Before Searching....

The data sources listed in this guide (and all the ones to which Harvard Library subscribe) generally describe the data they contain as being summery or micro or codebooks. If these words are unfamiliar to you, here are some data definitions:

  • Summary-Level Data: Summary-level data are published data points in either print or electronic format. You would use summary-level data if you were looking for a quick statistic such as the unemployment rate for the current month or if you wanted to see a table of statistics, such as GDP for various countries during a specific time period.
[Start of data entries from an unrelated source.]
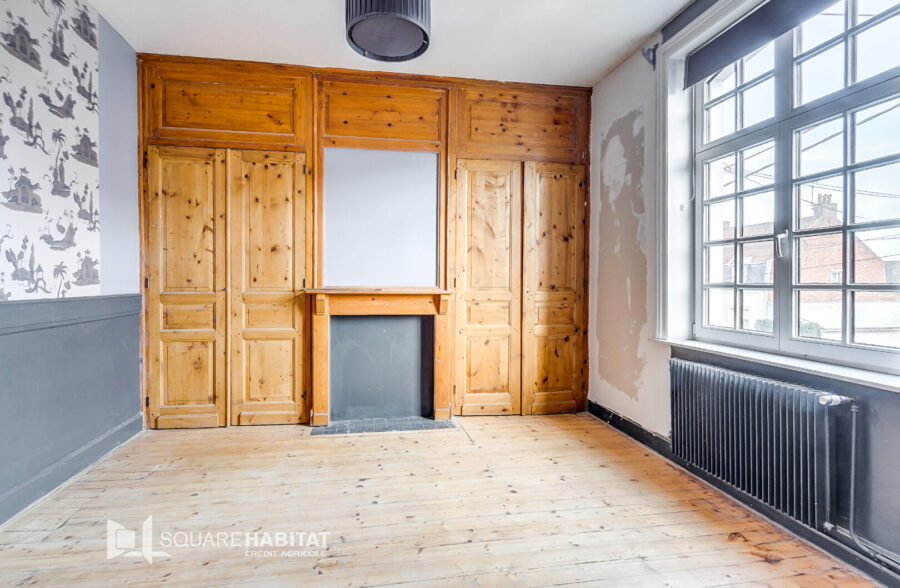 Maison Bourgeoise sur Bois Grenier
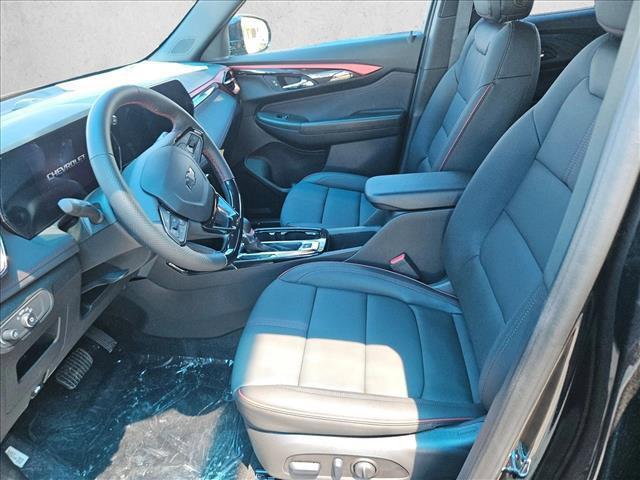 new 2026 Chevrolet TrailBlazer car, priced at $26,724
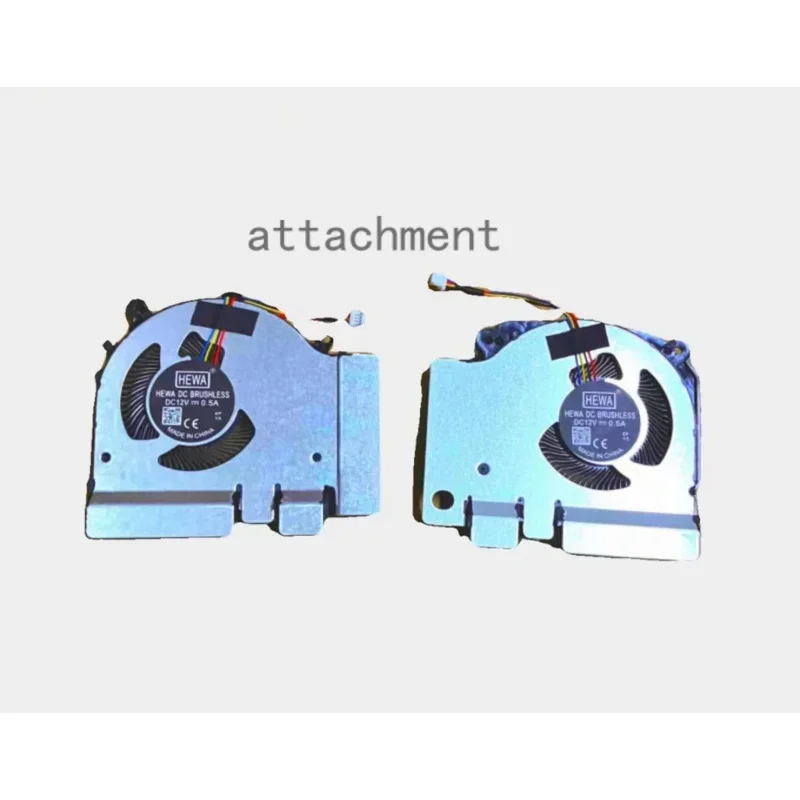 Новый внешний вентилятор охлаждения для игрового ноутбука Xiaomi Mi 15 6 GTX 1060 6G 12 В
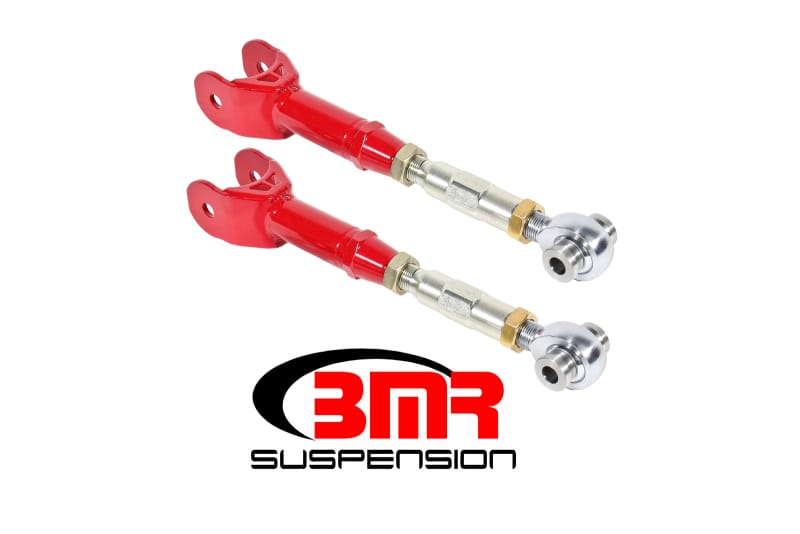 BMR Suspension — Upper Trailing Arm, On-car Adjustable, Rod Ends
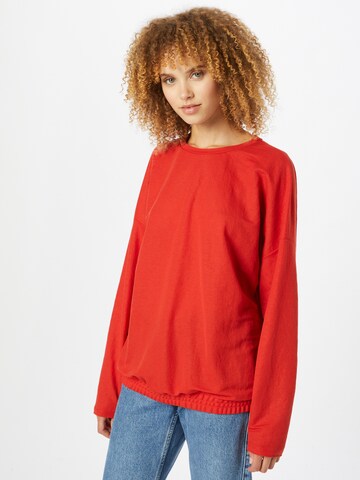 UNITED COLORS OF BENETTON Shirt in Rot: predná strana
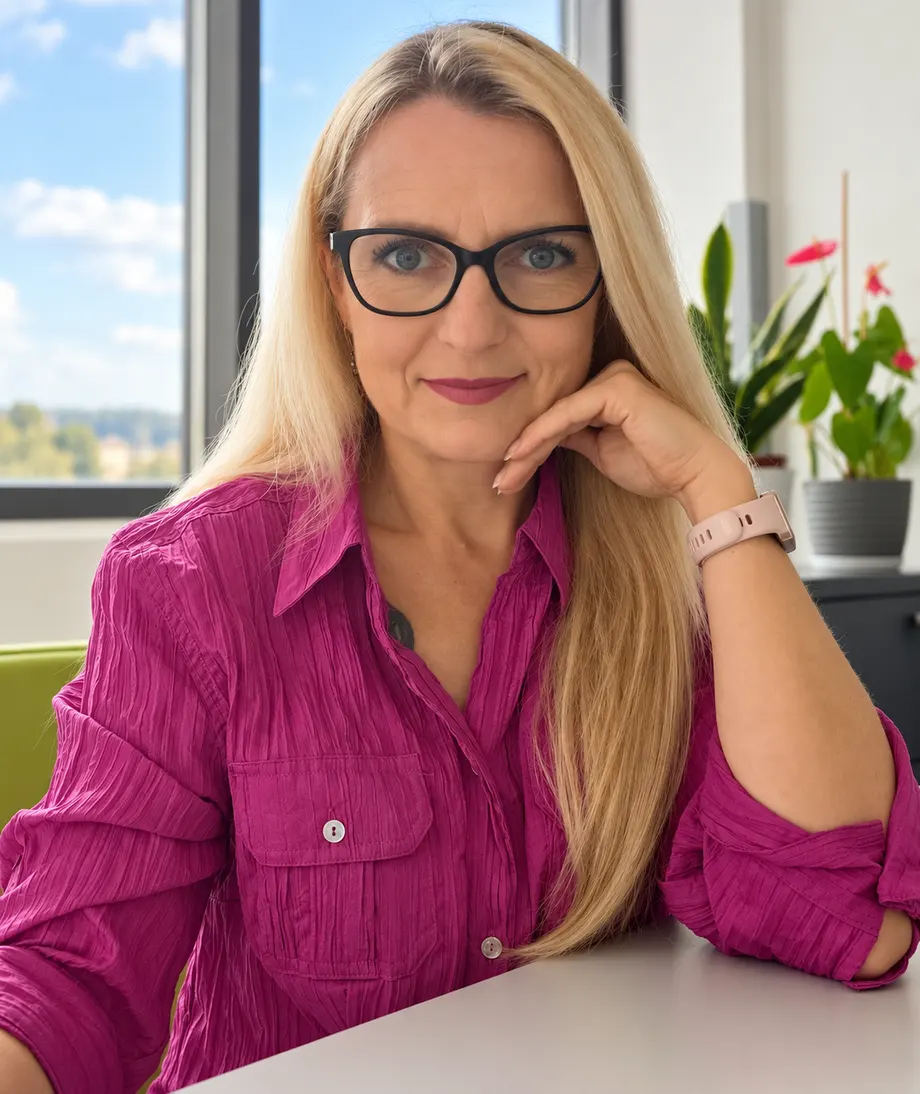 Psycholog Katarzyna Kania — Siedlce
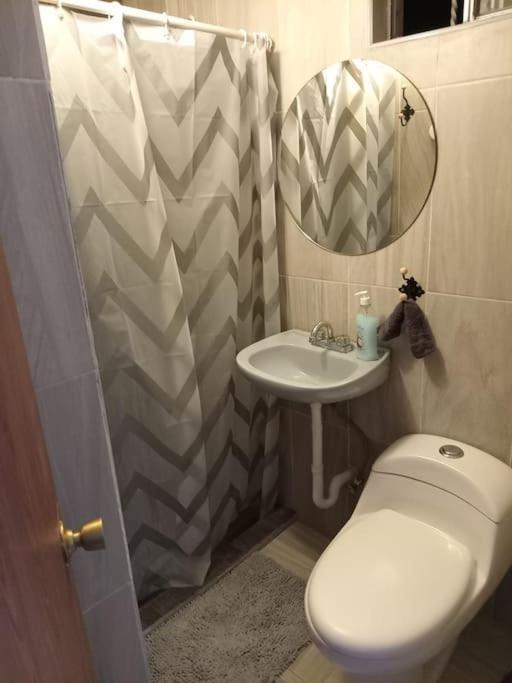 Apartamento Departamento Cerca Del Aeropuerto/ Buena Ubicacion México DF
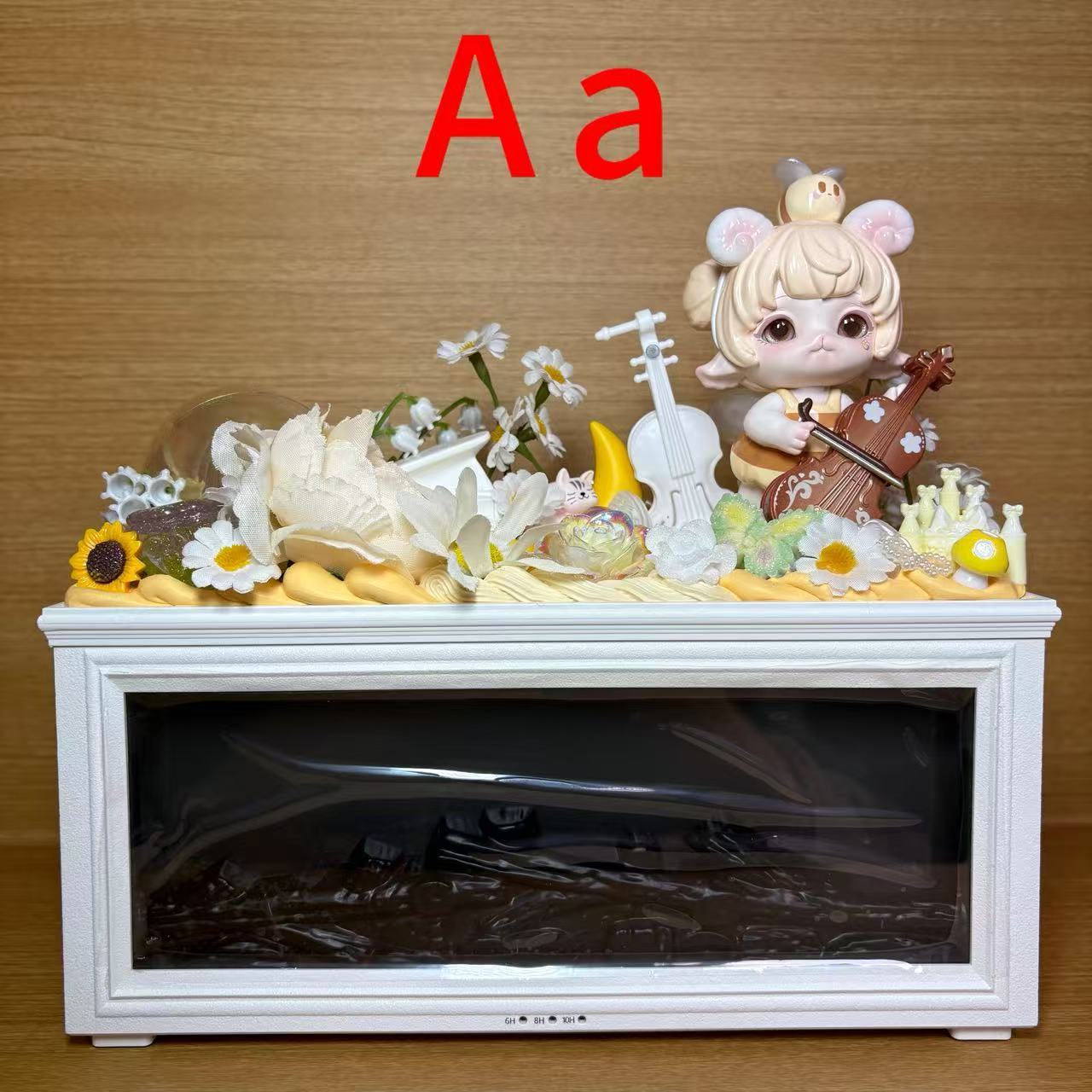 Surprise Diffuser+Humidifier Bonefire box - pick your favorite!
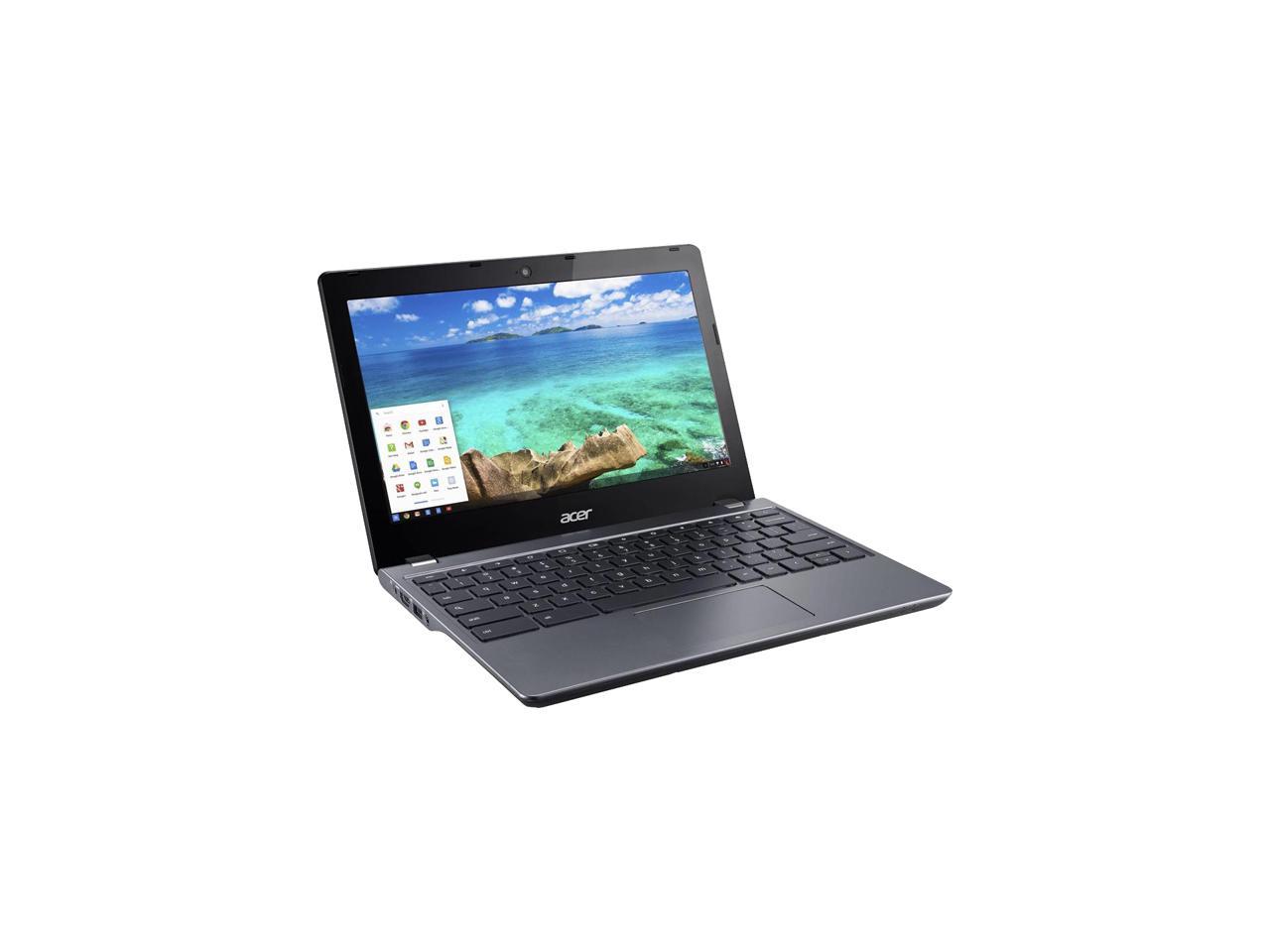 Refurbished: Acer Chromebook 11.6" Chrome OS C740-C4PE - Newegg.com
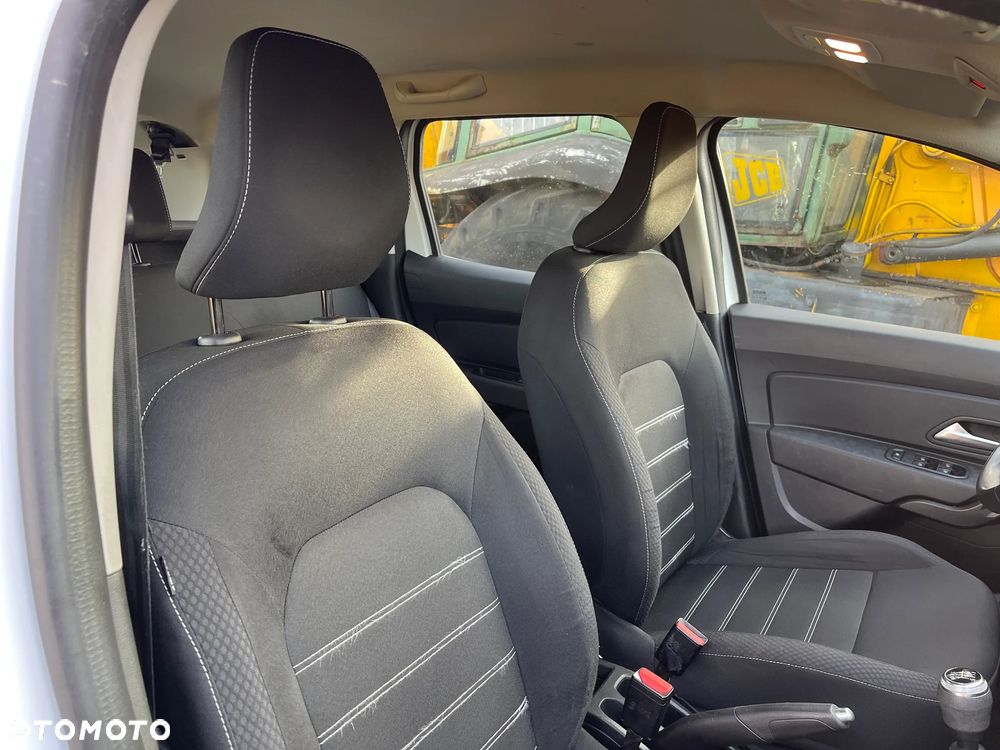 Dacia Duster 1.5 Blue dCi Prestige 4WD - 20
  • Micro-Level Data: Micro-level data files are the numerically-coded results of individual responses to such files as the census questionnaires, public opinion surveys, etc. You have much more flexibility to work with the data and run statistical analyses on the extracted data. The data are in an unanalyzed, raw format of columns and rows, usually in ASCII format but not always. Some raw data files are accompanied by files in SPSS, SAS or other statistical software format for easier use in these packages. If you are working with only the raw data, you must consult the data documentation (codebook) and write a small program or use an extraction program to have the computer "read" in the data into a useable format.
  • Data Documentation/Codebooks: Codebooks provide information on the structure, content, and layout of a data file and the questionnaire, if any, used for the survey or study. Many codebooks are available electronically with the data file.